DUMBBELL BICEP CURLS
A great workout to isolate the biceps. Keep a straight back, elbows ticked in and a tight core. Pivot from the elbows only. 3 sets of 10.
BICEP CURLS TO SHOULDER PRESSES
A great compound workout that isolates the biceps & works the shoulders & triceps. Straight body and keep a tight core. 3 sets of 15.
ELEVATED BARBELL ROWS
Doesn’t have to be on a barbell. A TRX strap works just as good. Keep your body planked and pull up towards the bar. 3 sets of 10.
STRAIGHT ARM DUMBBELL PULL-BACKS
Keep a tight core and straight arms. Pivot from the shoulders only. Use a weight you can comfortably do 10 reps with. 3 sets.
One of the easily overlooked back and bicep workouts. A simple and effective exercise. 3 sets of 10. Rotate arms and repeat.

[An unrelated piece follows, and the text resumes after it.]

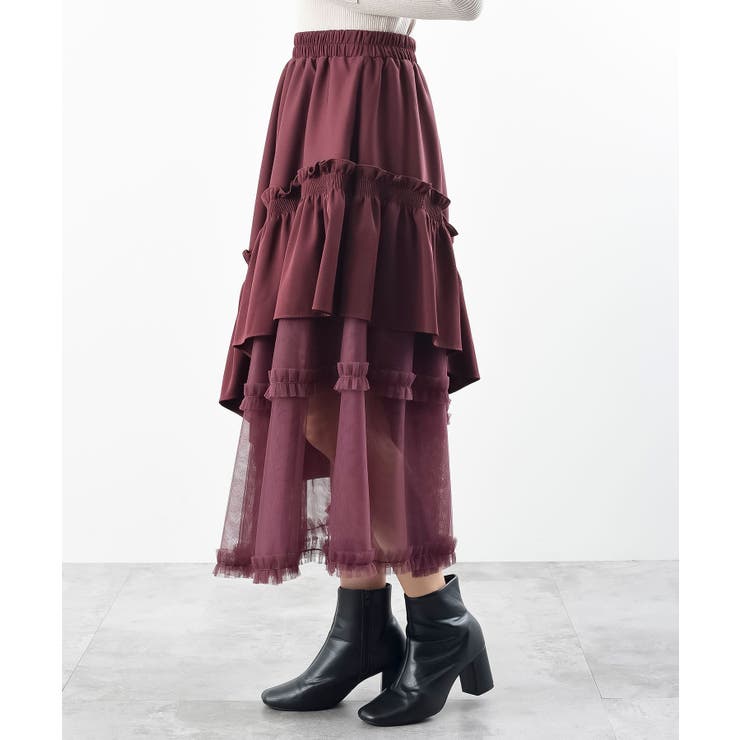 チュールフリル切替アシメトリースカート | rps | 詳細画像35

EQUIPMENT ASSISTED - BACK & BICEPS
CLOSE GRIP / NEUTRAL GRIP LAT PULLDOWN
The lat pulldown is a great way to engage your overall back muscles, lats and biceps. Keep a tight core and a smooth motion. 3 sets of 10.
WIDE GRIP LAT PULLDOWNS
A variation to the neutral grip lat pulldown. This is a great workout to isolate lats and back. Pause slightly at the bottom. 3 sets of 10.
REVERSE GRIP LAT PULLDOWNS
A variation to the standard grip lat pulldowns, this engages the biceps and provides a more natural range of motion. 3 sets of 10.
CLOSE GRIP LAT PULLDOWNS – VARIATION
Target a different angle with a close grip handle. Keep your chest up and pull down without rocking back and forth. 3 sets of 10.
SEATED CABLE LOW PULLS
Keep a tight core. Open your chest as you pull and pinch your shoulder blades. Keep a slow and steady motion. 3 sets of 10.
WIDE GRIP CABLE LOW PULLS
A variation to the cable low pulls, this wide grip version engages lats more dominantly. Slight pause when contracted. 3 sets of 10.
STANDING LAT PULLDOWNS
Want to isolate your lats & engage your core in one exercise? this one is for you! keep your body planked and arms straight. 3 sets of 10.
REVERSE GRIP CABLE FRONT RAISES
A variation to the dumbbell raises. This workout engages the lats and core. Keep your core tight & arms straight. 3 sets of 10.
STANDING CABLE FRONT RAISES
A downward facing grip on the bar provides a new and more challenging variation to this workout. Keep a tight core. 3 sets of 10.